DATA SHOWN

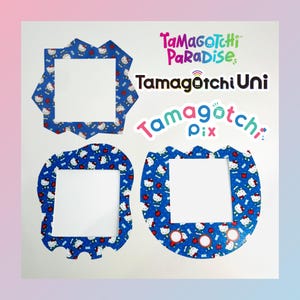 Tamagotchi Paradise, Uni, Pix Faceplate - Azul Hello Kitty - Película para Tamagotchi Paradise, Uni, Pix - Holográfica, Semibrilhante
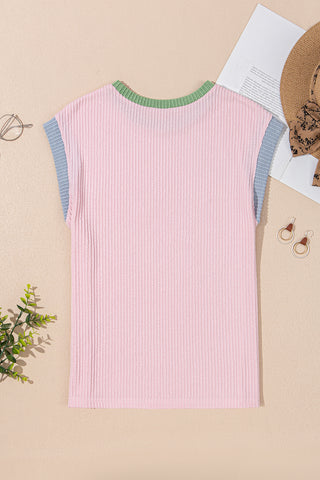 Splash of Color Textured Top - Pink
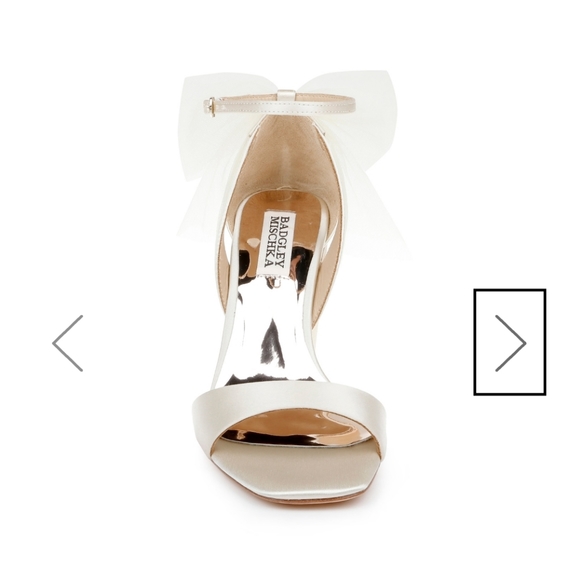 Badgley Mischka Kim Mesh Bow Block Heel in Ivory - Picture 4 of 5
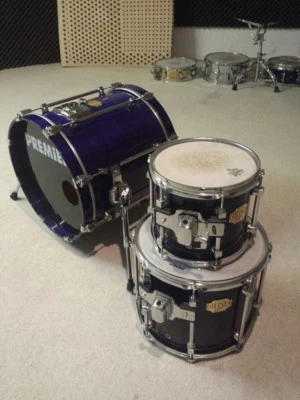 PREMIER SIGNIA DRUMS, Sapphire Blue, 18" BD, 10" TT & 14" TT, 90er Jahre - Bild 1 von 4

EXERCISE AIM
With the line containing "Splash of Color Textured Top - Pink" as the first line and the last line of the listing as the final one, reproduce that span exactly, without pictures.

YOUR RESPONSE
 Splash of Color Textured Top - Pink
 Badgley Mischka Kim Mesh Bow Block Heel in Ivory - Picture 4 of 5
 PREMIER SIGNIA DRUMS, Sapphire Blue, 18" BD, 10" TT & 14" TT, 90er Jahre - Bild 1 von 4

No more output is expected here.